6
Oct

Bill Peduto talks Pittsburgh renewal, smart cities, and Twitter

Bill Peduto, Mayor of Pittsburgh spoke to Mythili Sampathkumar during Smart Cities Week in Washington, DC to discuss his city’s renaissance through technology, mayoral politics, and Twitter

You’ve talked a lot this week about the continuing renewal of Pittsburgh, once the polluted steel manufacturer that built America to now a hub for innovation and robotics. How do you navigate that change as mayor?

Living through Pittsburgh’s downs, watching a city die and then starting to come back that if we nurture this new economy we’ll once again be on a global stage.

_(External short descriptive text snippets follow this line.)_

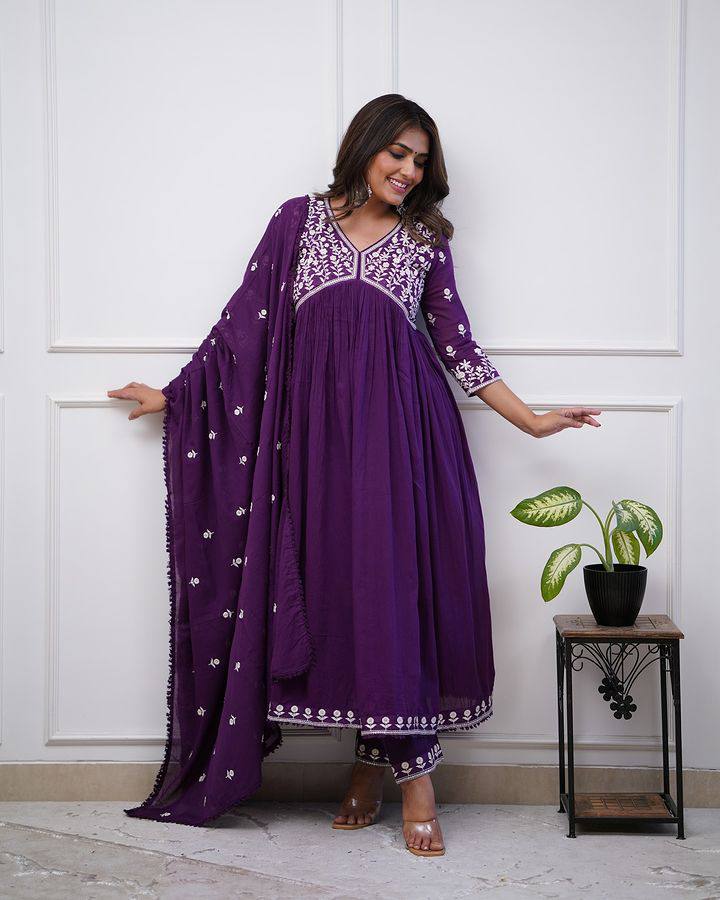 Women Embroidered Vichitra SILK kurta set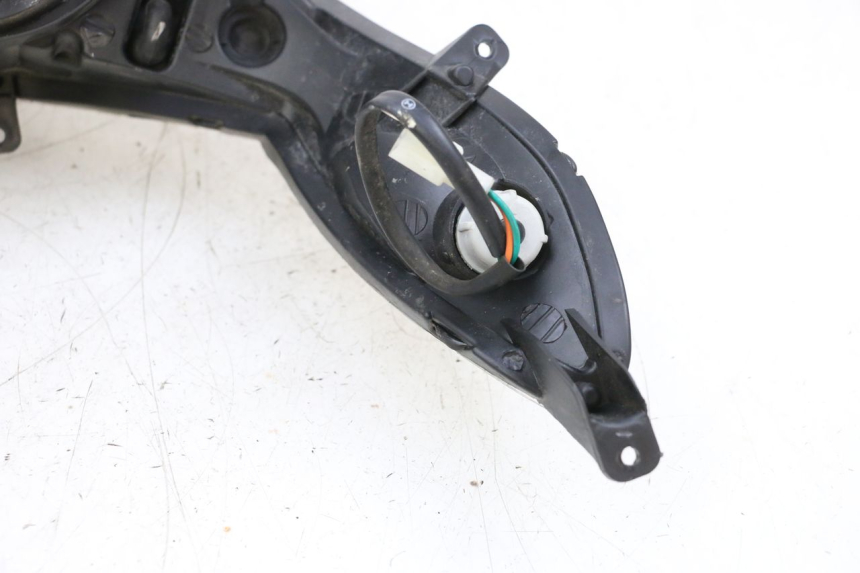 photo de PHARE AVANT PEUGEOT KISBEE 2T 50 (2010 - 2017) - État de surface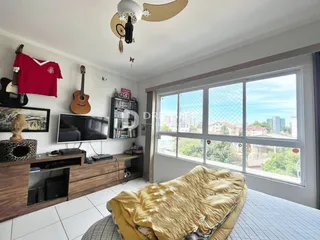 Foto de uma sala de estar com uma grande janela que oferece uma vista da paisagem.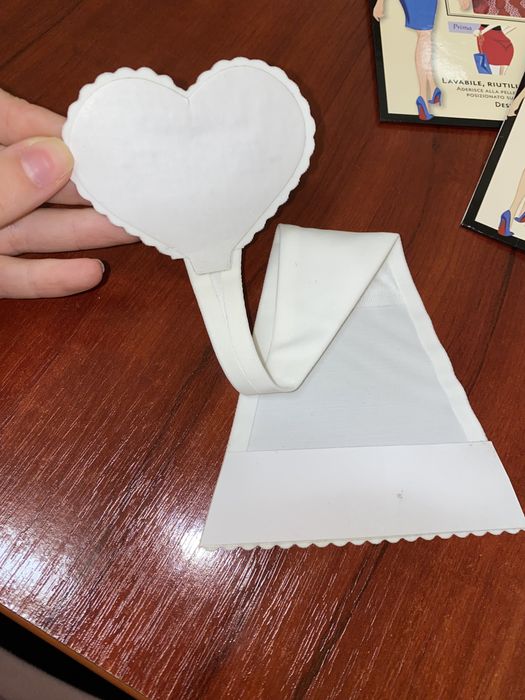 Chilot tanga auto-adeziv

There are ways we can do that–and I often say it–by being a city that’s open for business and not up for sale. We want to be able to harness what has come out of research and development [at universities like Carnegie Mellon] and combine it with our history of making things. We have these tech firms that are coming from around the world [to Pittsburgh] to do research and development and are bringing back manufacturing with them.

Do you see steel mills making a resurgence in some ‘greener’ capacity?

It’s not about re-opening the steel mills. That’s something that politicians talked about from the 1980s to the mid-90s. It is about how advanced manufacturing can go hand in hand with research and development, especially when you’re talking about robotics. Unlike Silicon Valley, we have the ability to do both.

What about those steelworkers? Are you re-training them? 

In everything from traditional energy jobs to installation of solar panels. Working in areas of low-income and low-opportunity to get people into the pipeline of energy sector jobs. We’re recruiting from within. We see a potential ‘pinch point’ happening by 2018 with not having enough people to fill the jobs that we’re going to be having. That’s the first time we can say that since the 1970s.

Pittsburgh was in the second round of the Rockefeller Foundation’s 100 Resilient Cities. How do you marry resiliency with smart technology?

We’ve been working with Rand Corporation that’s also located in Pittsburgh to be able to look at [resiliency and being a smart city] through the lens of what we call ‘P4.’ People, Planet, Performance, and Place and how each of those are affected by the shocks and stresses that are inevitable in the city’s future.

So, we never planned for economic collapse and it took us longer than it should have to be able to dig out because of that. Our city has been flooded, it’s been burned to the ground, but we were never creating scenarios where we could be able to make the likelihood less or make the recovery not as impactful. So, our resiliency plan will integrate smart city initiatives.

One example is that all throughout the city we have projects looking to break out of the [electricity] grid system so that in case the grid goes down–and reliance throughout northwestern Pennsylvania relies on coal and nuclear–we can have other options within the city.

Do you ever run into politics when trying to implement smart city technology or resiliency programmes?

The elected officials that I’ve always come away with being most impressed with were mayors. That’s both [political] parties. You don’t hear mayors attacking each other on political issues or party issues.

In this US presidential election year, have you seen partisanship affect city governance?

You look at the head of the US Conference of Mayors, Mick Cornett out of Oklahoma City. He’s a Republican and he fought for a tax increase to be able to build a transit system for Oklahoma City that he knew would have a direct economic benefit. It wasn’t a Democrat or Republican issue, it was ‘how do we help the people of Oklahoma City to be able to get the jobs we’re creating?’

It’s really a different world. I’ve met really brilliant Republican mayors who tackle the same issues I do and do it under a lot of the same conditions–Betsy Hodges of Minneapolis or Bill De Blasio of New York. At the end of the day, we have to have a balanced budget and someone has to pick up the garbage on Monday…there have to be police officers on the street that night.

I think mayors speak more from the heart. They’re given more of a breath from the public to do so.

In that spirit, have you worked with other mayors on smart cities issues?

Mayor Adler [of Austin, Texas] and I follow each other on Twitter and steal each other’s ideas!

That’s part of what all mayors do, learn and then copy. There are a lot of mayors that get it and those people talk, and their staff talk. So, the network is very small, but very global. It’s not just sitting around and waiting for a vendor to knock on your door. It’s working within your own staff to do it. There’s a network of smart cities advocates and we get to know each other.

So Pittsburgh really has citizen and council ‘buy-in’ for implementing smart technology, especially that coming out of the local universities?

I think in the next five years we’ll see a lot of cities–and in Pittsburgh we’ve already seen it with building energy reduction–a lot of significant change. That’s only because we’re going after the lowest hanging fruit. Once it starts getting into things that will affect day-to-day living of individuals, then that’s where you’ll start to see the pushback occur. But, I’m rather confident that Pittsburgh has committed itself to becoming a leader in ‘green’, simply because of how far we had gone in the past century in the opposite direction. If we’re ever going to shake this image of the ‘smoky city’, the only way we do that is by leading not only this country but the world in sustainable emissions.